【治承~文治の内乱 vol.23】 衣笠城攻防戦
衣笠城攻防戦
三浦勢は三浦に無事帰還しましたが、これで安泰とはいきませんでした。
先日の由比ガ浜の戦いで敗れた畠山重忠が一族である河越重頼や江戸重長などの秩父党や武蔵国の中小武士団の軍勢を糾合して、再び三浦へ攻め込んできたのです。
これに対し、三浦も上総国の上総広常の弟にあたる金田頼次70余騎ほどの援軍を得てはいましたが、畠山が集めた軍勢に比べれば無勢であり、かなり危機的な状況に陥りました。

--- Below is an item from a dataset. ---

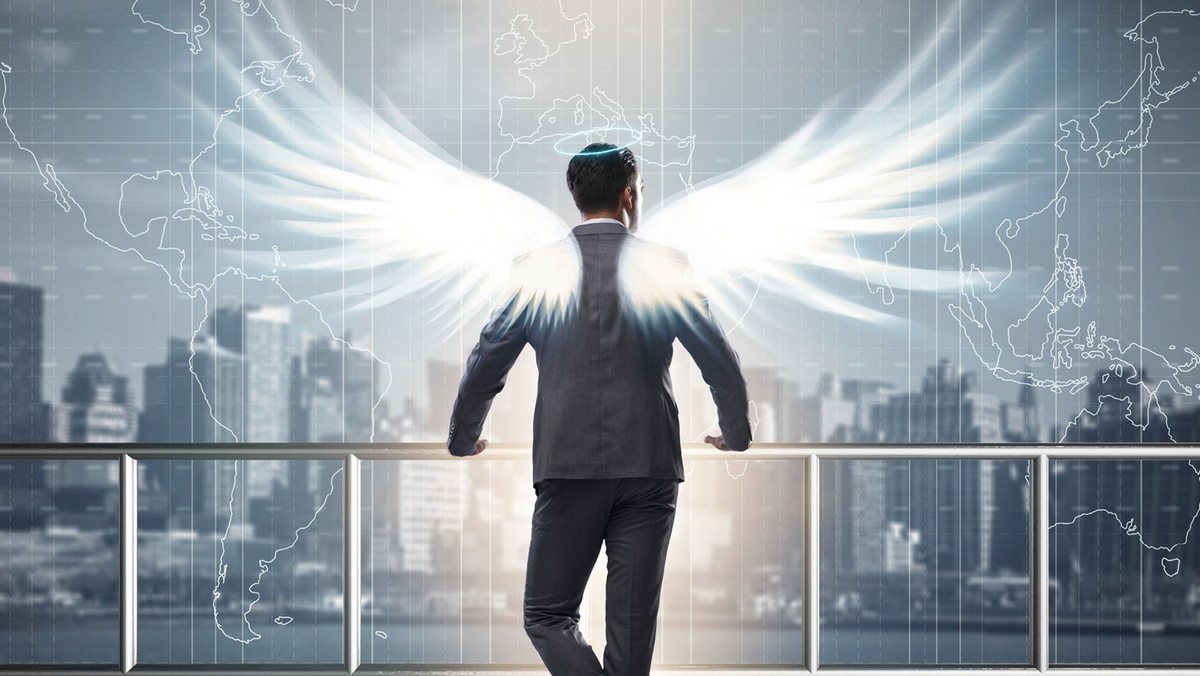 讓創業者與天使投資人共創未來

かくして8月26日辰の刻(7:00~9:00)、衣笠城下に畠山の軍勢が押し寄せました。三浦は本拠である衣笠城に立て籠って、大手である東木戸口を三浦義澄と佐原義連が、西木戸を和田義盛と金田頼次が、中陣として長江義景、大多和義久などが布陣して守りを固め、敵の攻撃を防ぎました。しかし、相手の多勢と連日の戦による疲労で三浦勢はいよいよ敗色濃厚となり、深夜に城を脱出。そして海路安房国へと向かいました。しかし、三浦党の総帥である義明だけは、
「われは源家累代の家人として、幸せにもその貴種(頼朝)が旗挙げする時を目にすることができた。どうしてそれを喜ばずにいられようか。わが歳も八旬あまり、ここを生きていかほどであろうか。ならば今この老いた命を武衛(頼朝)に捧げ、わが子孫の勲功としていただこうではないか。お前たちは急いでここを退去し、彼(頼朝)の存亡を尋ねるのだ。われは一人でこの城に残って多勢がいるように見せかけようではないか」
と、皆が共に逃げる様説得するも聞かずに城に残り、翌朝27日辰の刻、河越重頼、江戸重長らの軍勢に討ち取られました。『吾妻鏡』によれば歳は89歳であったといいます(※1)。
『平家物語』にみる衣笠城攻防戦
この衣笠城での戦いも『平家物語』に描かれています。
今回も「延慶本」「長門本」の両平家物語を参考にしてお話ししたいと思います。
「畠山の軍勢は今にも襲ってこよう。ここは皆で衣笠城に籠城するべきである」
すると、和田義盛が口を開きます。
「衣笠城は攻め口がたくさんあって、無勢では守り切れないだろう。奴田城ならば廻りは岩山、一方は海であるから腕の立つ者百人ばかり籠もらせておけば、一二万騎寄せてきても楽に防げるだろう」
と、衣笠城の支城である奴田城での抗戦を提案しますが、これに義明は、
「小賢しい若者の言うことかな。今は日本国を敵に回して討死しようと思っているというのに。どうせ討死するなら、名の知れた城で死にたい。『先祖代々の館にて討ち死にした』と平家にも聞こえたいのでな」
と、義盛の提案を退け、他の三浦党の者たちも義明に同意したことから、衣笠城で畠山勢を迎え撃つこととなりました。ただ、上総国から上総広常の弟で、義明の娘婿であった金田頼次が70余騎の軍勢を率いて、ともに城へ籠もったために、三浦の軍勢の数は400余騎となり、本拠の衣笠城といえども、城内は手狭になりました。
戦に先立って三浦義明は、
「若い者をはじめとして、厩の世話をする者にいたるまで、強弓を引ける者は矢衾(矢を隙間なく一面に放つこと)を作って散々に敵を射るべし。また、打物(刀剣など近接戦闘用の武器)が得意な者は、てんでに長刀を持って、敵を深田に追い詰めて討ち取るのだ。義澄、そなたは城の西浦口を防ぐのだ」
と、全軍に下知したのでした。
かくして、26日辰の刻(7:00~9:00)。武蔵国の住人である江戸重長、河越重頼、金子家忠に代表される村山党、児玉党、野与党などの中小の武士団の軍勢を糾合した2000余騎の大軍勢が衣笠城に攻めかかってきました。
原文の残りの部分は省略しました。